Defendants do not contest the elements of plaintiff's prima facie case: they concede that AMUK owes the debt, that defendants guaranteed payment of the debt, and that neither AMUK nor defendants has paid to date.
See Chemical Bank v. Haseotes, 13 F.3d 569, 573 (2d Cir. 1994) (listing elements of guarantee claim). To defeat plaintiff's motion, defendants must show that a triable issue of fact remains with respect to one of their defenses.
2. Waiver of Defenses
The 1990 Guarantees contained clauses waiving all defenses to enforcement except "fraud, or willful misconduct by NCB which the Guarantor has demonstrated has caused it material harm." (Pl.'s Exs. 3 and 4, cl. 2.1.) New York law
permits a guarantor to waive contractually all defenses except fraud and certain violations of the Uniform Commercial Code. E.g., Barclays Bank v. Heady Elec. Co., 174 A.D.2d 963, 571 N.Y.S.2d 650, 653 (3rd Dep't), appeal dismissed, 78 N.Y.2d 1072, 576 N.Y.S.2d 221, 582 N.E.2d 604 (1991). Thus, defendants' waivers are enforceable except to the extent they purport to waive the defense of commercial unreasonableness.
3. Fraudulent Inducement
Defendants argue they were fraudulently induced to enter into both the 1990 Guarantees and the 1991 extensions. On plaintiff's motion for summary judgment, defendants must come forward with evidence that would allow a reasonable jury to find, by clear and convincing evidence, that each of the elements of fraud has been satisfied. The Sample Inc. v. Pendleton Woolen Mills, Inc., 704 F. Supp. 498, 505 (S.D.N.Y. 1989).
a. 1990 Guarantees
Defendants contend they would not have entered into the 1990 Guarantees if Julie Jones had not fraudulently misrepresented the nature of the Facility to Eugene Schuster. (Defs' Mem. at 1, 8.) Specifically, defendants assert Ms. Jones orally represented that AMUK was "the sort of business NCB was looking for" and that the Facility would be a "bridge" loan leading to permanent financing. (Schuster Aff. PP 7-8.) Although he knew the Facility expired by its terms after one year, Schuster believed the "bridge" language meant NCB would renew the Facility until AMUK obtained permanent financing. (Schuster Dep. at 47-48, 243-46; Defs.' Mem. at 1.)

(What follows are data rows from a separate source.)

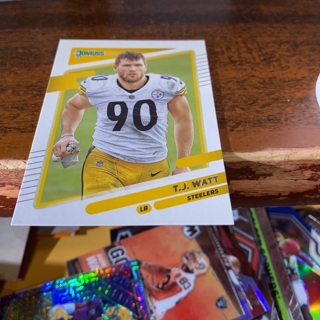 2021 donruss t.j.watt football card 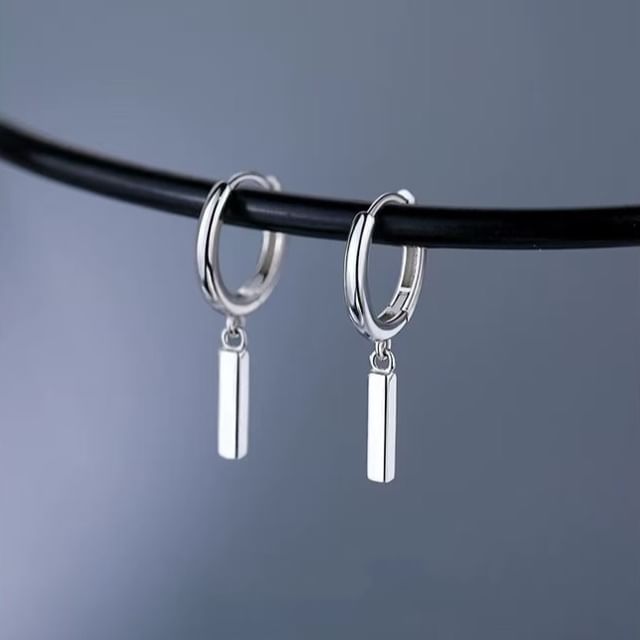 Toinianimos-Sterling Silver Bar Drop Huggie Earring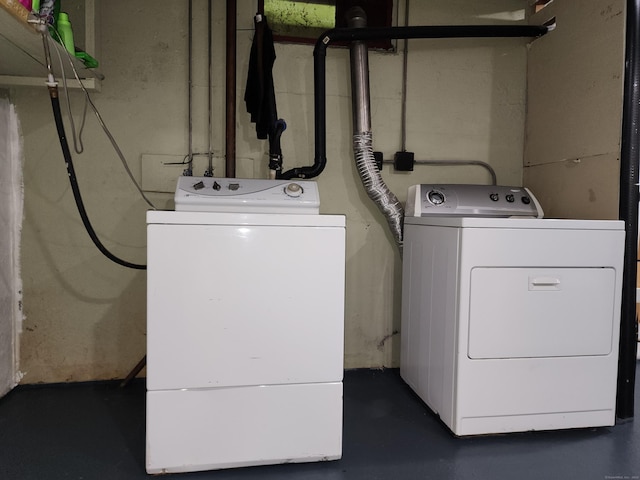 1014 N Worthy St, Windsor, CT 06095 - washroom featuring separate washer and dryer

Plaintiff denies Ms. Jones ever made the statements Schuster attributes to her and argues that the Facility documents flatly contradict Schuster's testimony. Even if Ms. Jones made the representations claimed by Schuster, the fraud claim fails as a matter of law.
Under New York law, the elements of fraud are "(1) that [the defendant] made a misrepresentation (2) as to a material fact (3) which was false (4) and known to be false by [the defendant] (5) that was made for the purpose of inducing [the plaintiff] to rely upon it (6) that [the plaintiff] rightfully did so rely (7) in ignorance of its falsity (8) to his injury." Cohen v. Koenig, 25 F.3d 1168, 1172 (2d Cir. 1994) (quoting Murray v. Xerox Corp., 811 F.2d 118, 121 (2d Cir. 1987)) (internal quotations omitted). Where, as here, the alleged misrepresentation concerns future conduct, the defrauded party must allege specific facts showing that the promisor intended not to honor her obligations at the time she made the statement. National Westminster Bank v. Ross, 130 Bankr. 656, 664 (S.D.N.Y. 1991), aff'd sub nom. Yaeger v. National Westminster, 962 F.2d 1 (2d Cir. 1992). The defrauded party may not satisfy this requirement simply by showing that the future event never occurred. Id.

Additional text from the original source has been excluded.